What needs to be done>
Every entry below should be restated word for word, except for its images.

Listed records>
────────────────────

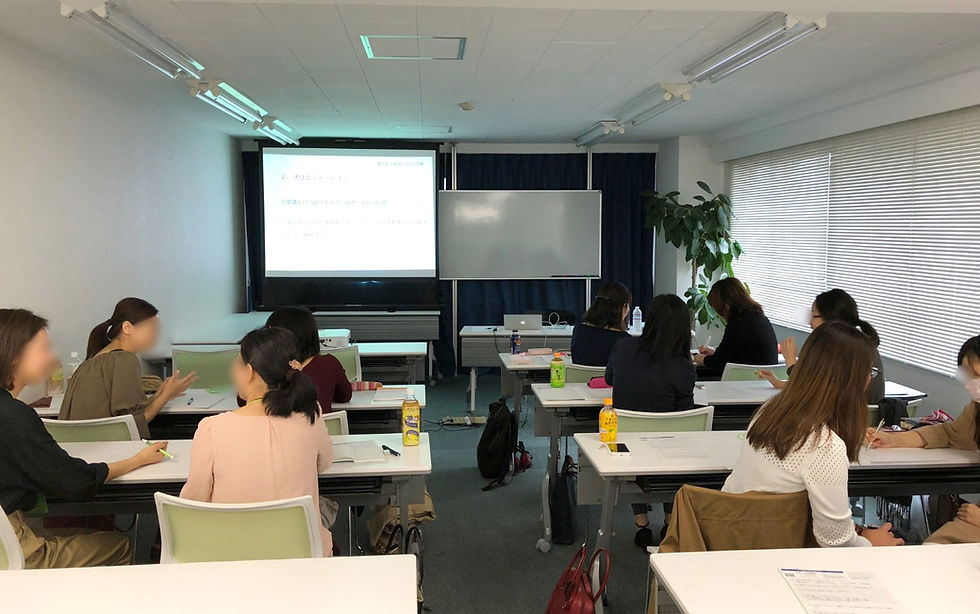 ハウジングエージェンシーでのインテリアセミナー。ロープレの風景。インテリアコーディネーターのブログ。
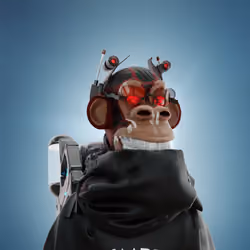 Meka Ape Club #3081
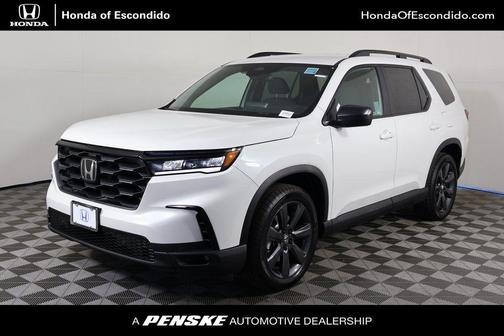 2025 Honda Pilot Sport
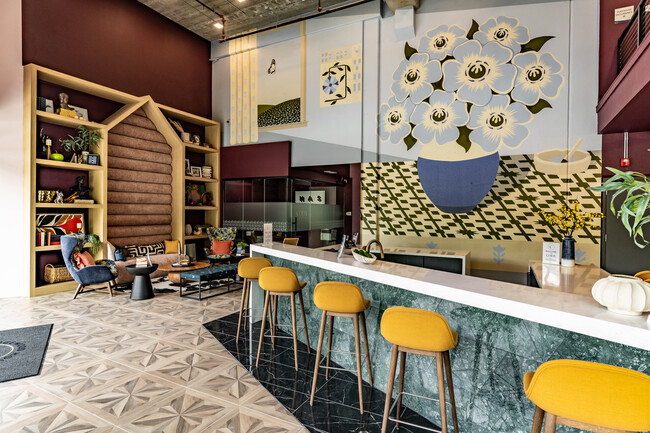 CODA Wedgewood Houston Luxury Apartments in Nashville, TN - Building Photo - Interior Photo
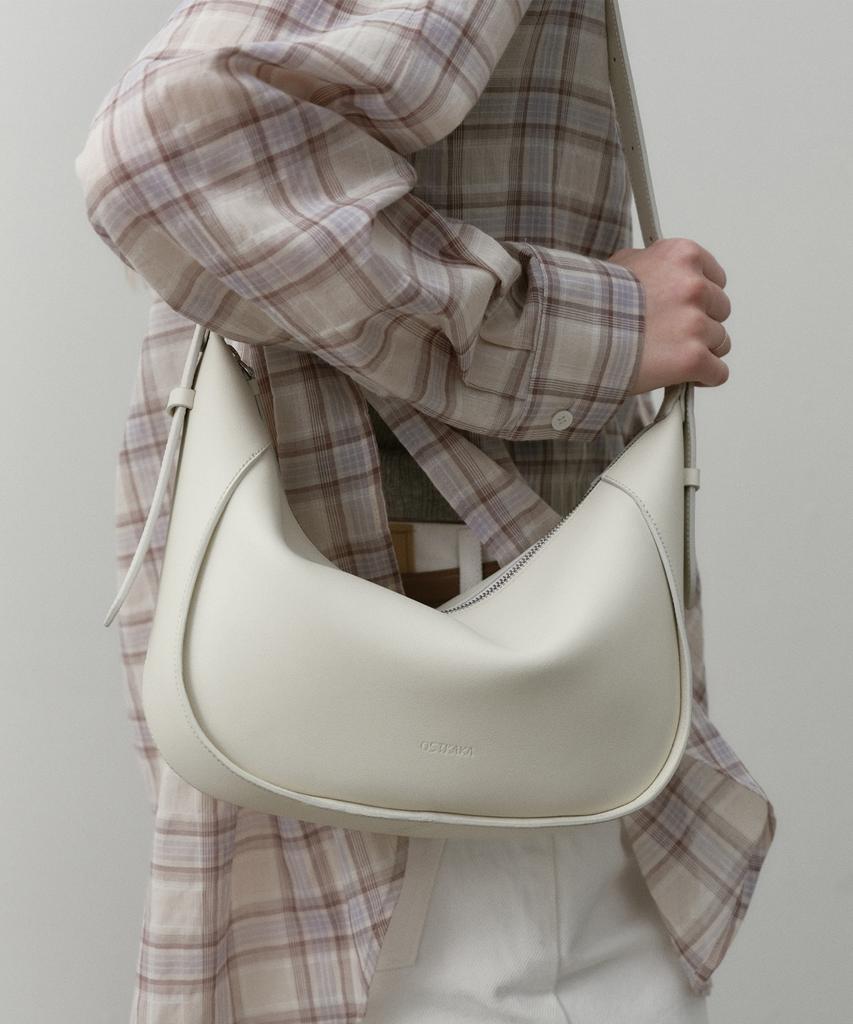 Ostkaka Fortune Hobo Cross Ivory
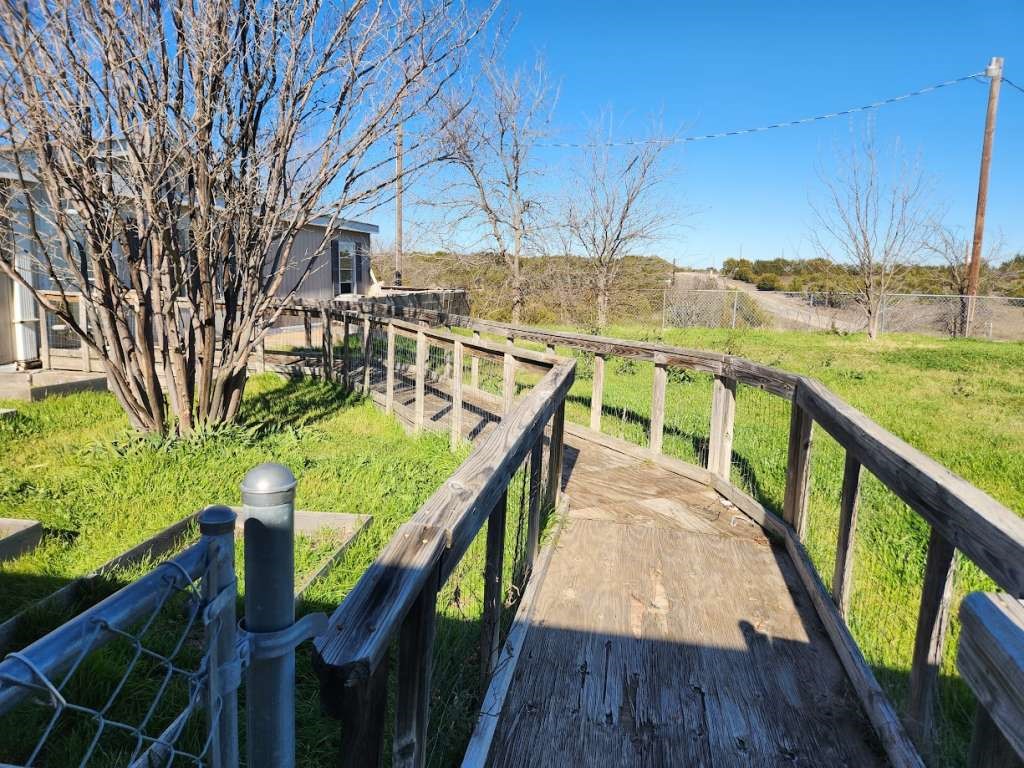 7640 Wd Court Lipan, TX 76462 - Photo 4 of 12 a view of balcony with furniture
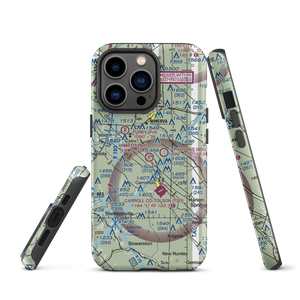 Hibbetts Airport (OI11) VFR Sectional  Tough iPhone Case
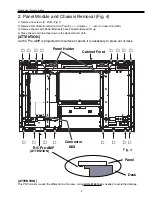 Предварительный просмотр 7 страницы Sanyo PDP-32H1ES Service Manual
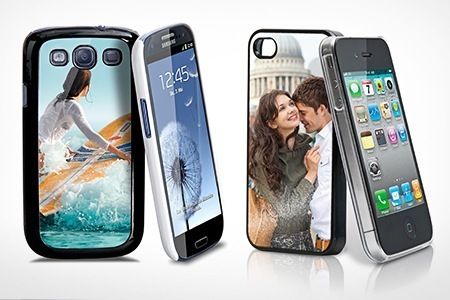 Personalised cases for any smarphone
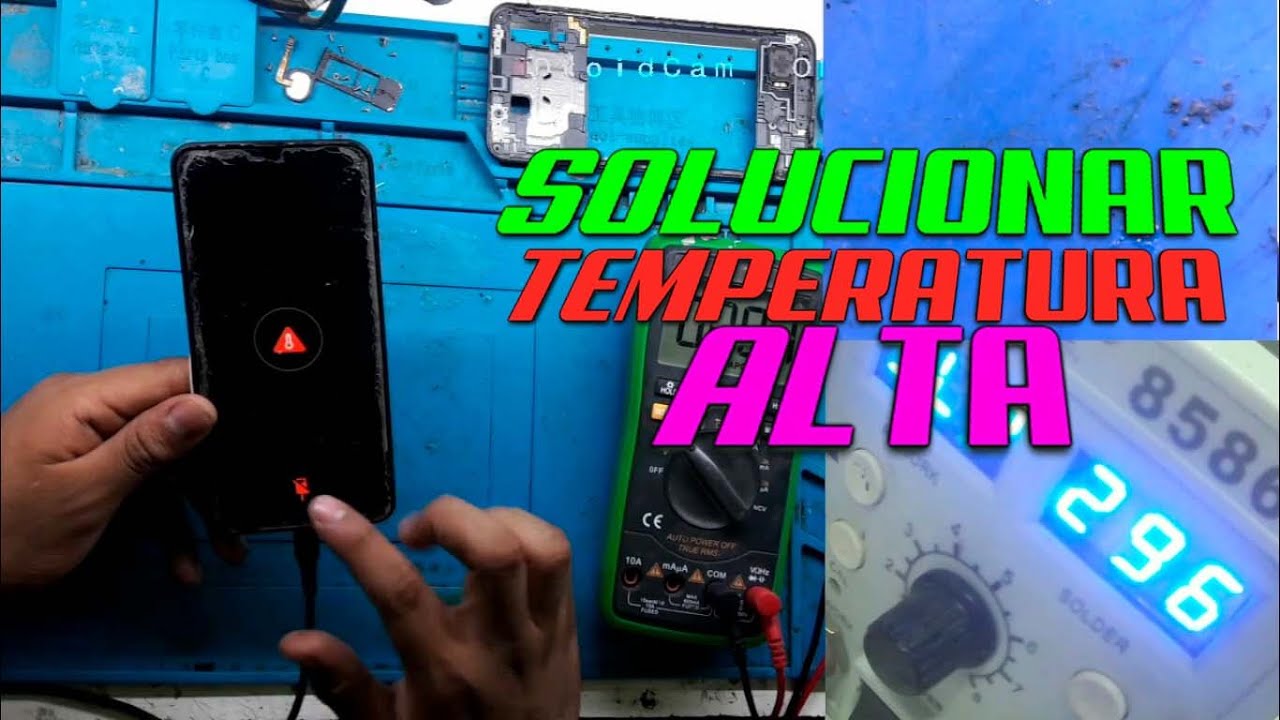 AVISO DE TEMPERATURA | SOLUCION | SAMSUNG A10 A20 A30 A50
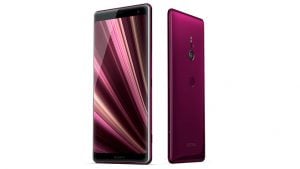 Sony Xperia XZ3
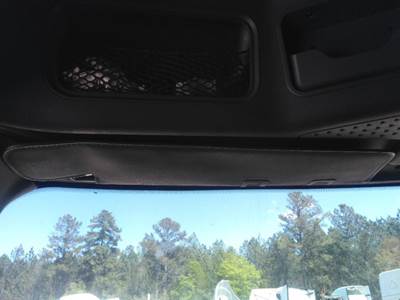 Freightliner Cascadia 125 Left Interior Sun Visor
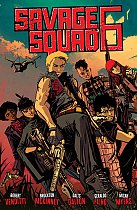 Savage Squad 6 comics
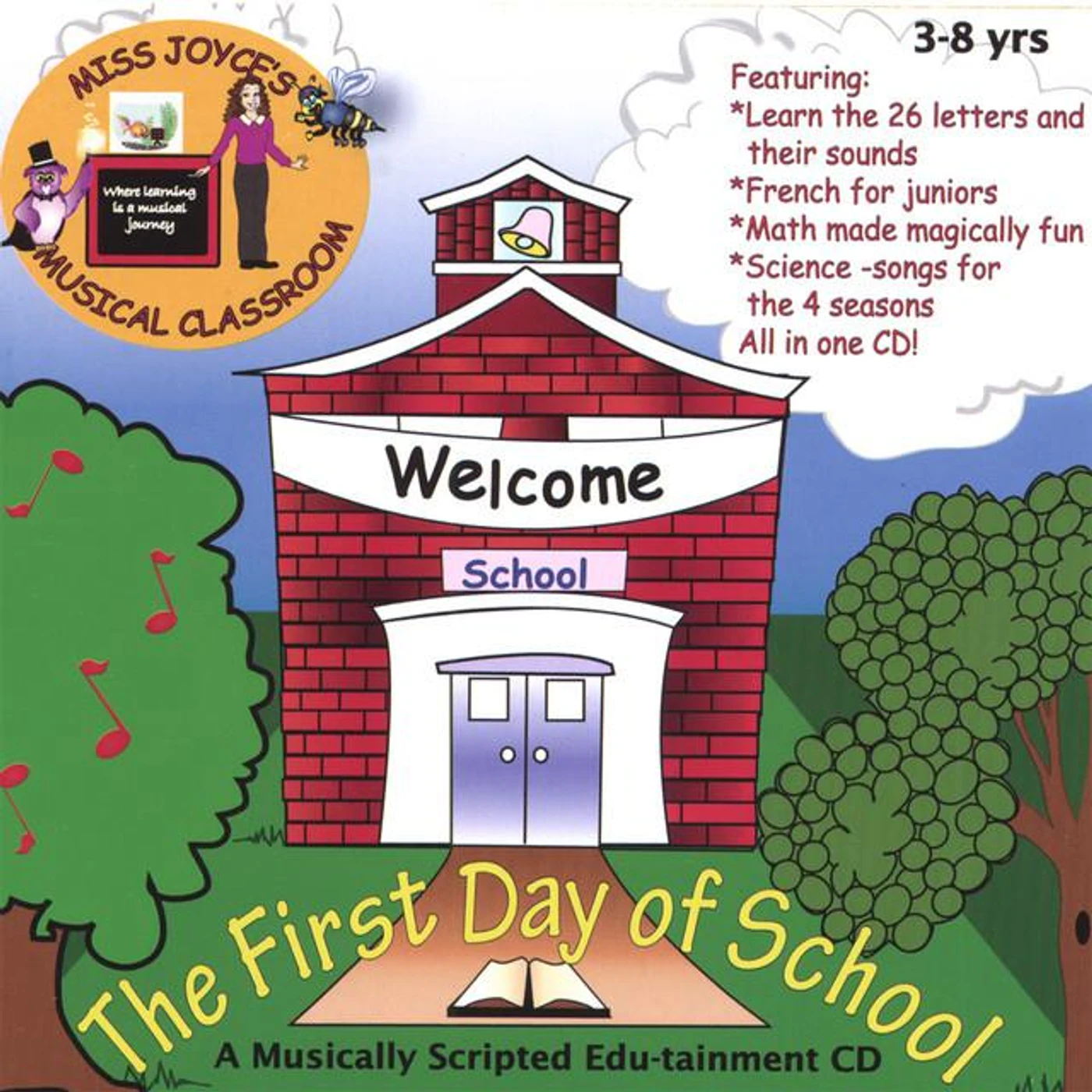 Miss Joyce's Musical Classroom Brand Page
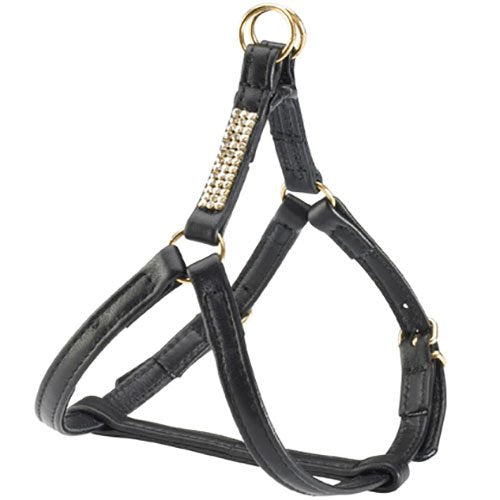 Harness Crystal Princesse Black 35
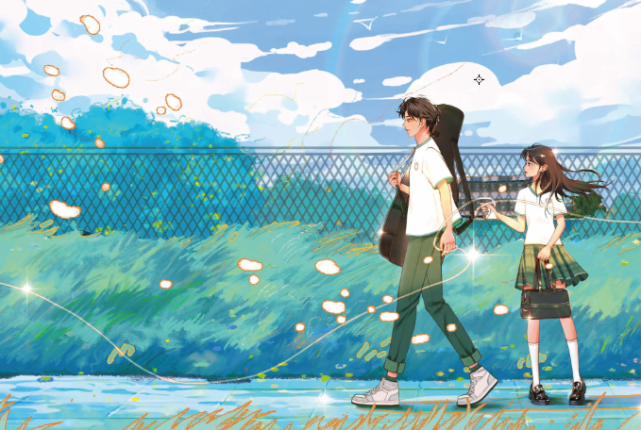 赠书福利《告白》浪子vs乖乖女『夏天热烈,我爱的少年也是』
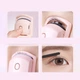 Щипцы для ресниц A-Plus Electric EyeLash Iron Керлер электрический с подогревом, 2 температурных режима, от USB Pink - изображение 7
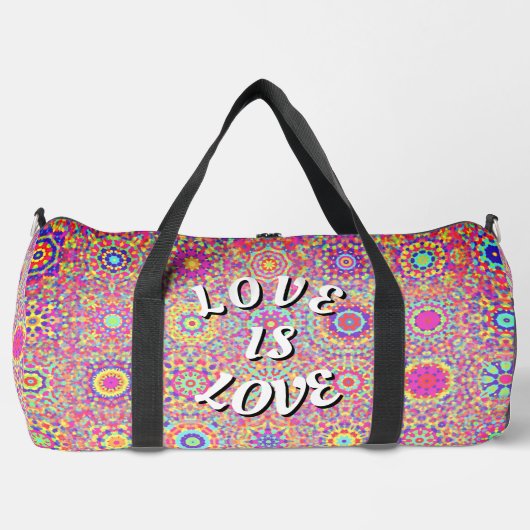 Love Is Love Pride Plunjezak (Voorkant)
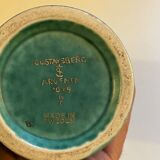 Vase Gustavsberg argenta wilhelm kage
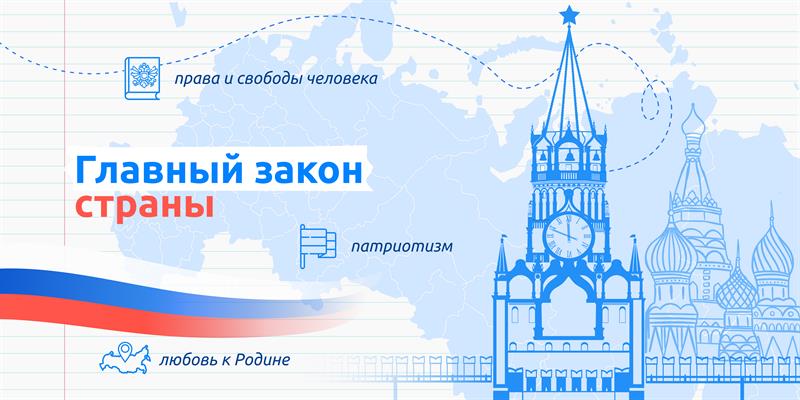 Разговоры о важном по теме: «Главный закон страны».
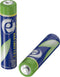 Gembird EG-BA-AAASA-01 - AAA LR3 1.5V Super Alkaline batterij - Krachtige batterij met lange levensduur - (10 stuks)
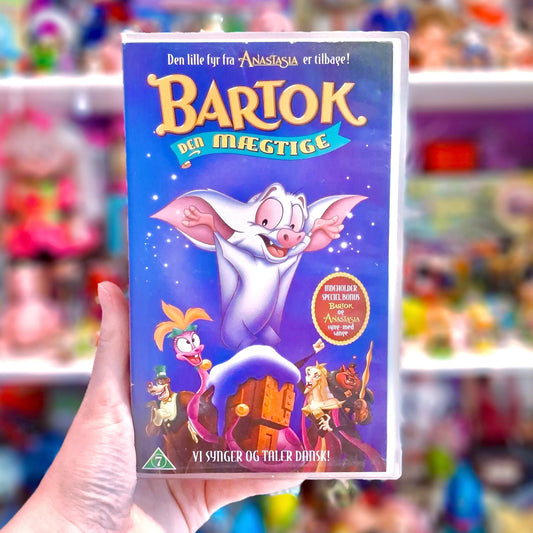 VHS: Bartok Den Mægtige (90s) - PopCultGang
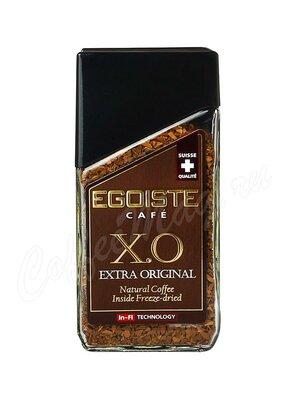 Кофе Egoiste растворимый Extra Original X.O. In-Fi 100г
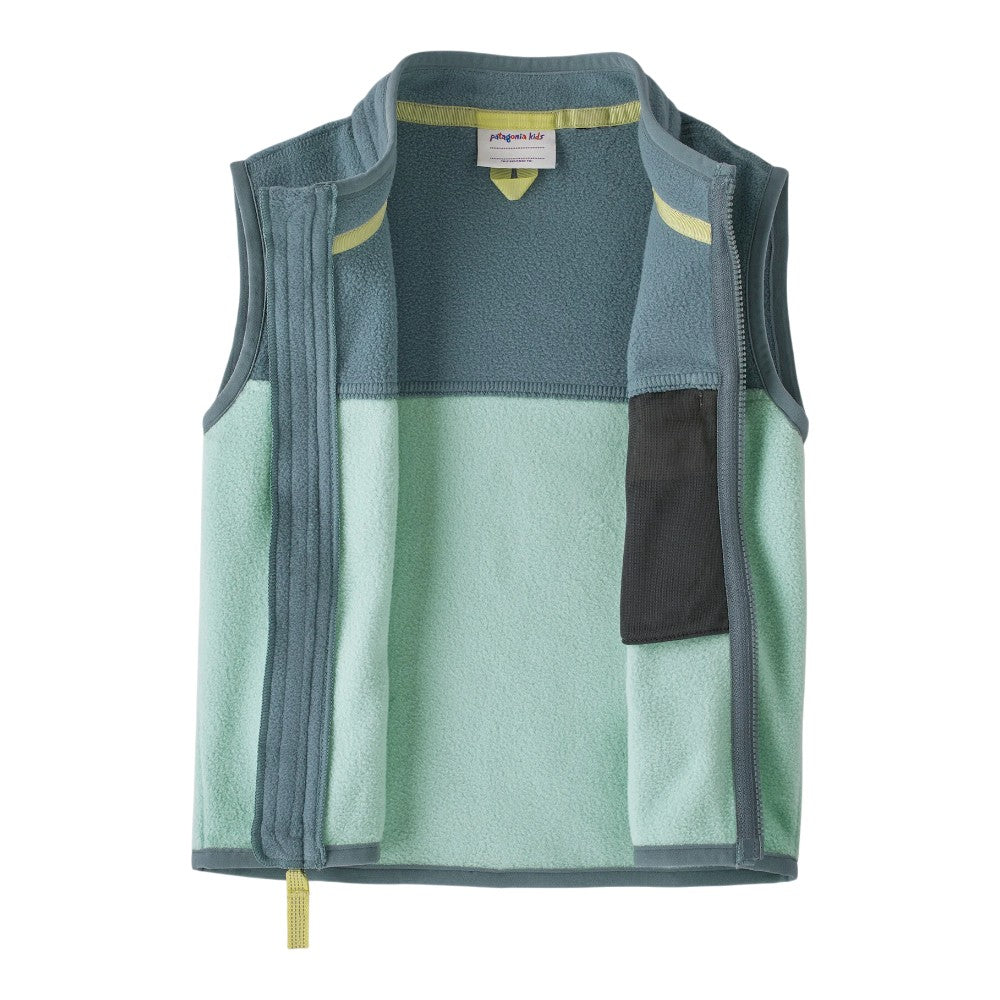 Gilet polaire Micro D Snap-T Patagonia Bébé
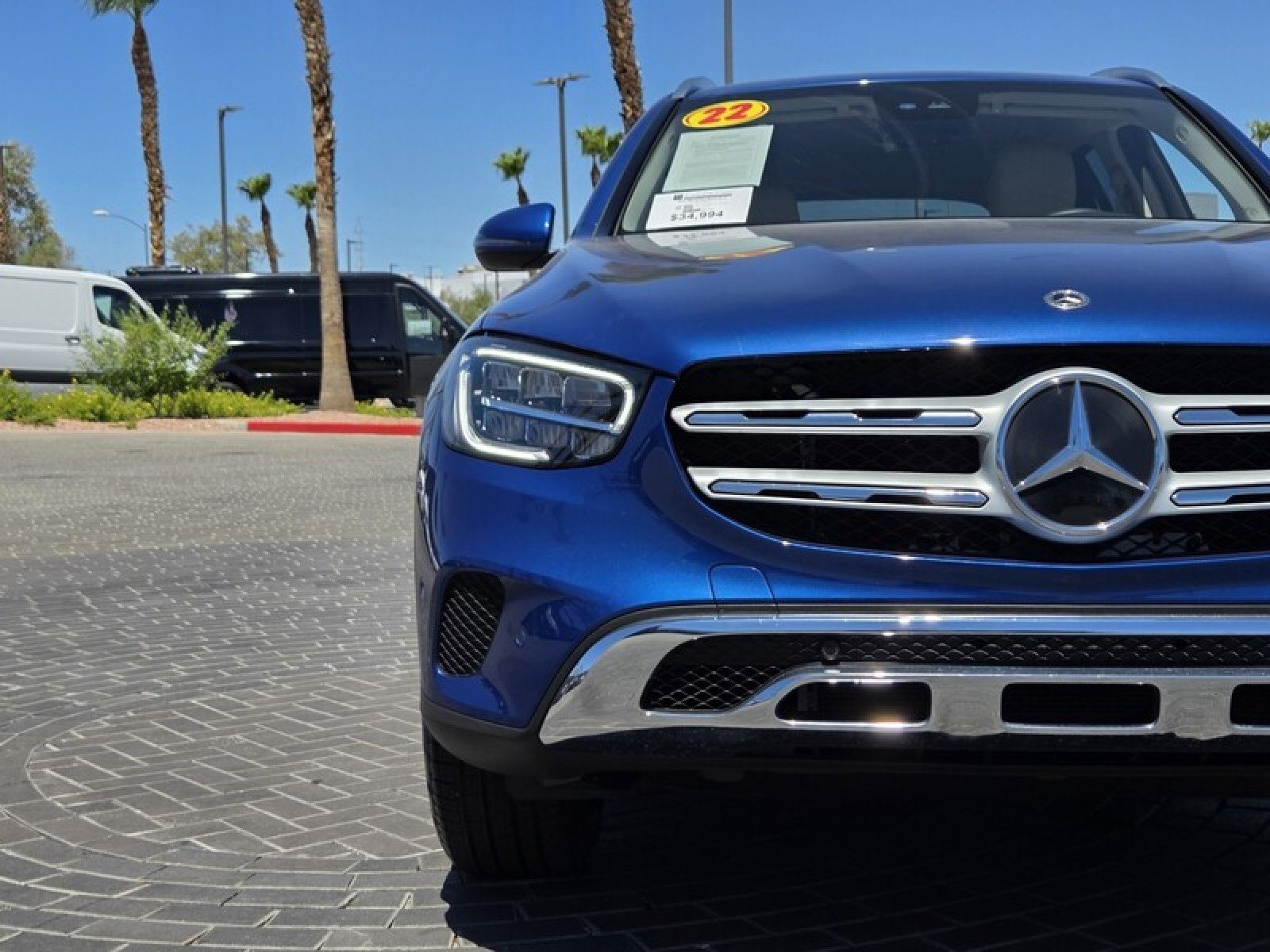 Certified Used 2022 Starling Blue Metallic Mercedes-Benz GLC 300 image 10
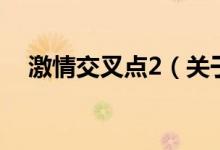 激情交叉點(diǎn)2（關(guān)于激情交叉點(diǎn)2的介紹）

────────────────────

Written solution>
 ハウジングエージェンシーでのインテリアセミナー。ロープレの風景。インテリアコーディネーターのブログ。
 Meka Ape Club #3081
 2025 Honda Pilot Sport
 CODA Wedgewood Houston Luxury Apartments in Nashville, TN - Building Photo - Interior Photo
 Ostkaka Fortune Hobo Cross Ivory
 7640 Wd Court Lipan, TX 76462 - Photo 4 of 12 a view of balcony with furniture
 Hibbetts Airport (OI11) VFR Sectional  Tough iPhone Case
 Предварительный просмотр 7 страницы Sanyo PDP-32H1ES Service Manual
 Personalised cases for any smarphone
 AVISO DE TEMPERATURA | SOLUCION | SAMSUNG A10 A20 A30 A50
 Sony Xperia XZ3
 Freightliner Cascadia 125 Left Interior Sun Visor
 Savage Squad 6 comics
 Miss Joyce's Musical Classroom Brand Page
 Harness Crystal Princesse Black 35
 赠书福利《告白》浪子vs乖乖女『夏天热烈,我爱的少年也是』
 Щипцы для ресниц A-Plus Electric EyeLash Iron Керлер электрический с подогревом, 2 температурных режима, от USB Pink - изображение 7
 Love Is Love Pride Plunjezak (Voorkant)
 Vase Gustavsberg argenta wilhelm kage
 Разговоры о важном по теме: «Главный закон страны».
 Gembird EG-BA-AAASA-01 - AAA LR3 1.5V Super Alkaline batterij - Krachtige batterij met lange levensduur - (10 stuks)
 VHS: Bartok Den Mægtige (90s) - PopCultGang
 Кофе Egoiste растворимый Extra Original X.O. In-Fi 100г
 Gilet polaire Micro D Snap-T Patagonia Bébé
 Certified Used 2022 Starling Blue Metallic Mercedes-Benz GLC 300 image 10
 激情交叉點(diǎn)2（關(guān)于激情交叉點(diǎn)2的介紹）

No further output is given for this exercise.